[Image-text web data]
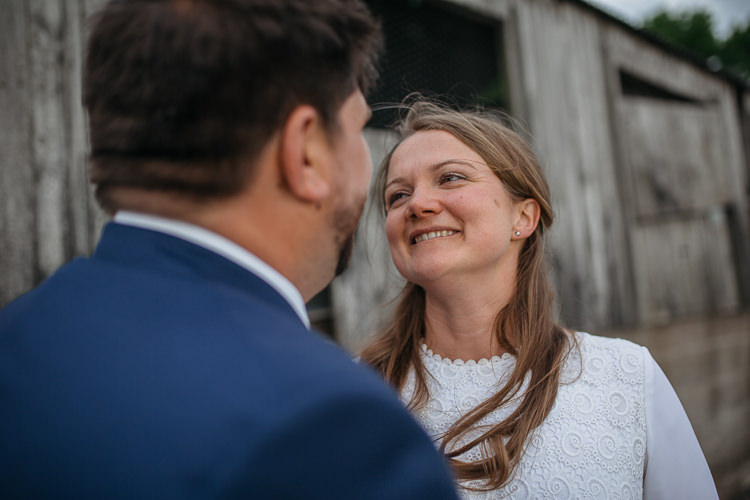 Outdoor Farm Wedding 1970s Dress https://www.magdak.co.uk/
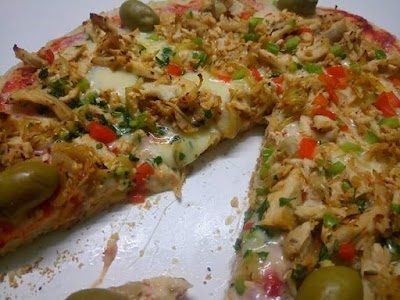 Pizzería Altoque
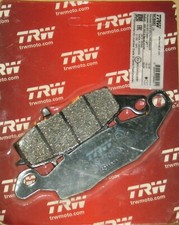 Brake pads for CFMOTO TK 650 year 2014-2015 front left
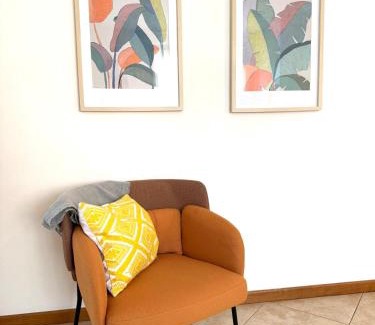 Camin Apartment | enJoy Home - Appartamento ampio, luminoso e immerso nel verde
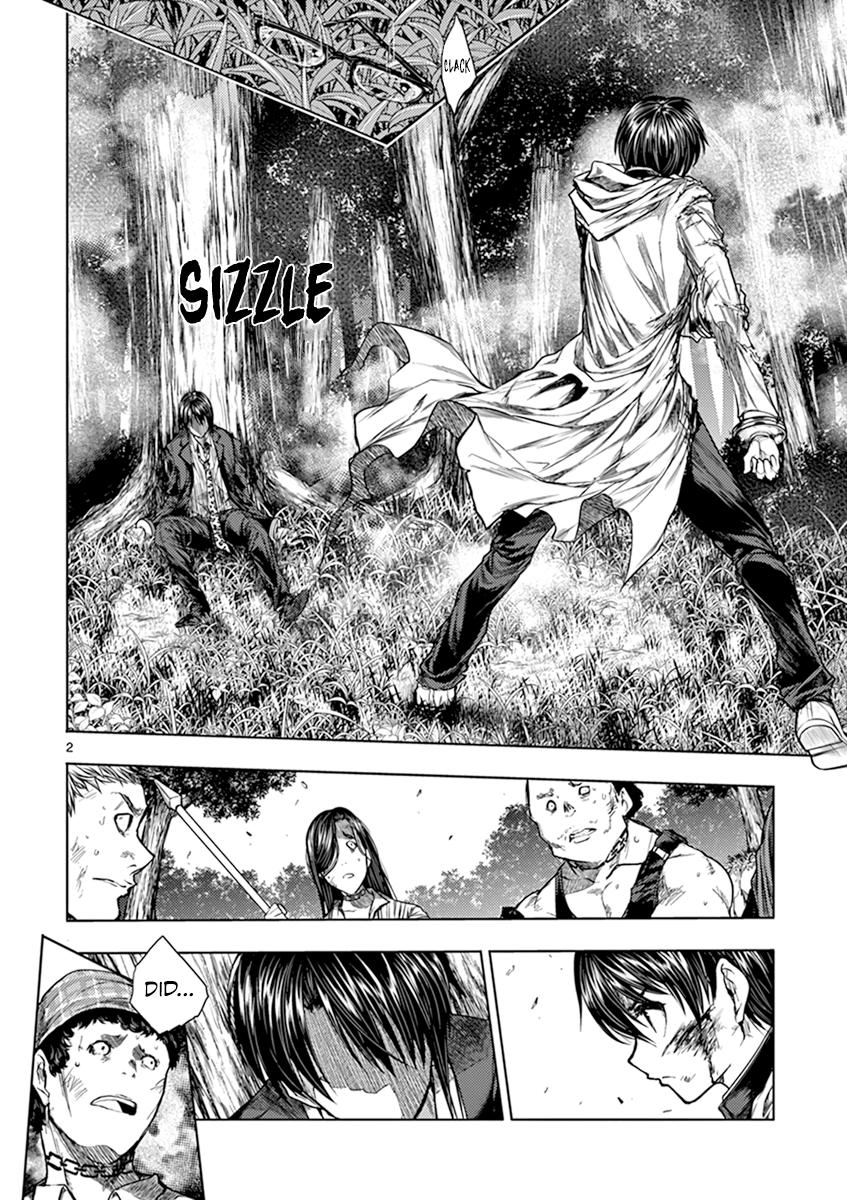 Read Battle in 5 Seconds After Meeting Manga Online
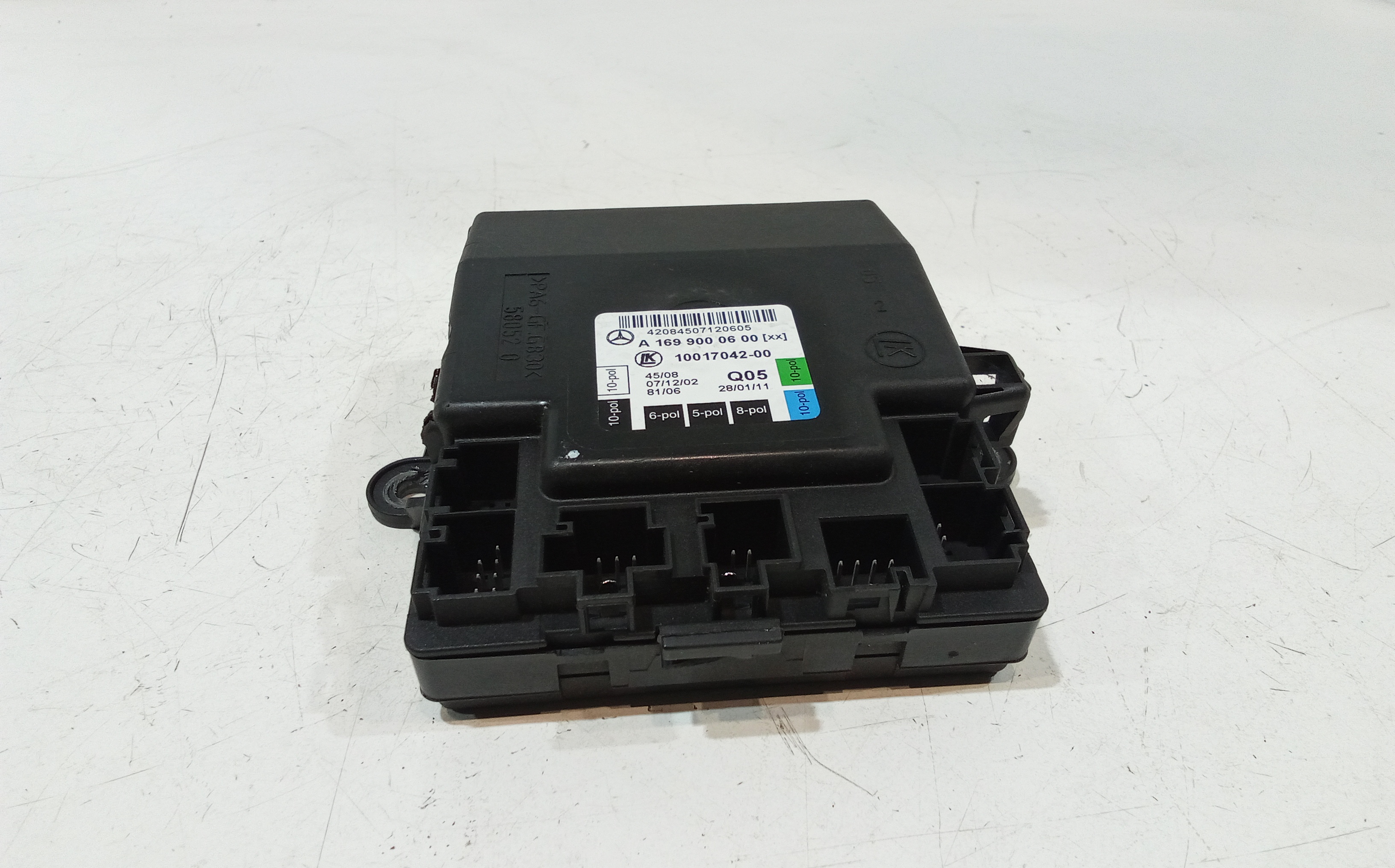 Centralina porta DX passeggero per Mercedes Classe B W245 1 Serie (2005 - 2011)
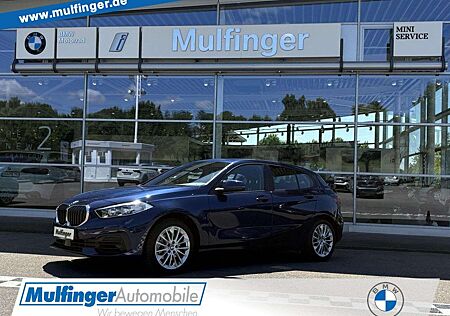BMW 118 i LivePlus PanoD SHZ PDC SportS 17" Bluetooth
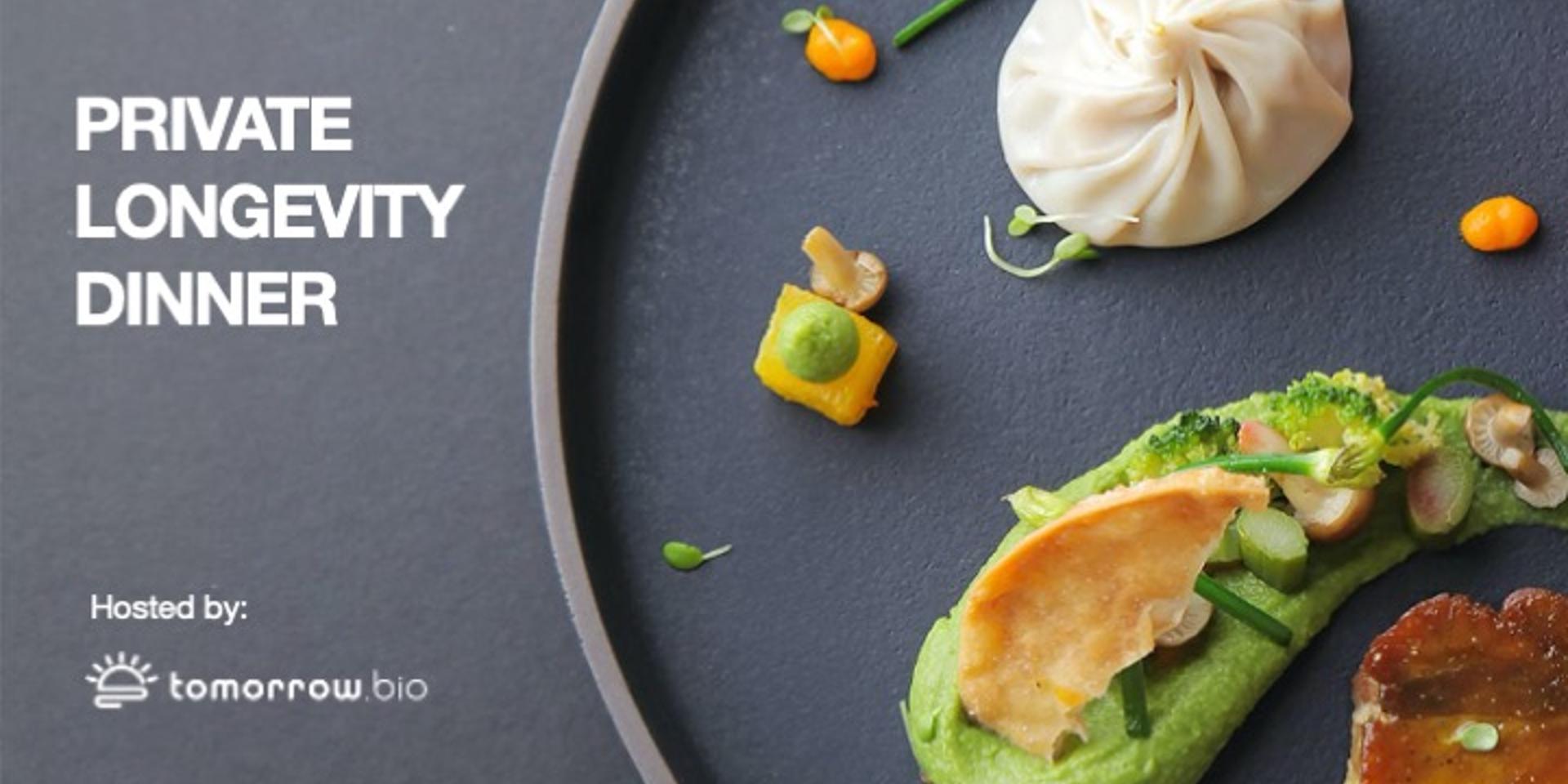Cover Image for Private Longevity Dinner 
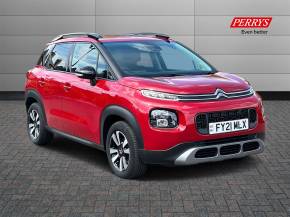 CITROEN C3 AIRCROSS 2021 (21) at Perrys Alfreton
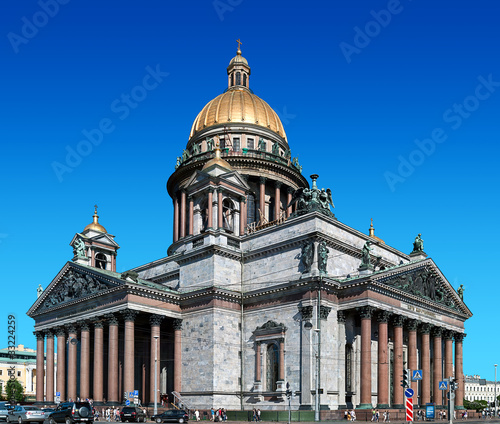 Saint Isaac's Cathedral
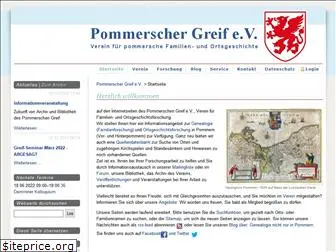 pommerscher-greif.de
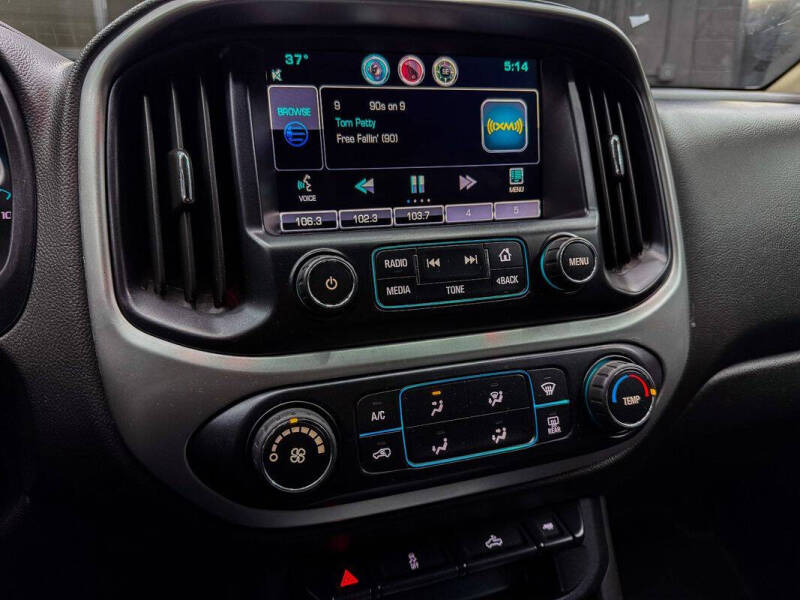 2015 Chevrolet Colorado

# What you have to do
Your task is to reproduce the entries above word for word, from the first line through the line with "Centralina porta DX", and please leave out any pictures.

# Problem solution
 Outdoor Farm Wedding 1970s Dress https://www.magdak.co.uk/
 Pizzería Altoque
 Brake pads for CFMOTO TK 650 year 2014-2015 front left
 Camin Apartment | enJoy Home - Appartamento ampio, luminoso e immerso nel verde
 Read Battle in 5 Seconds After Meeting Manga Online
 Centralina porta DX passeggero per Mercedes Classe B W245 1 Serie (2005 - 2011)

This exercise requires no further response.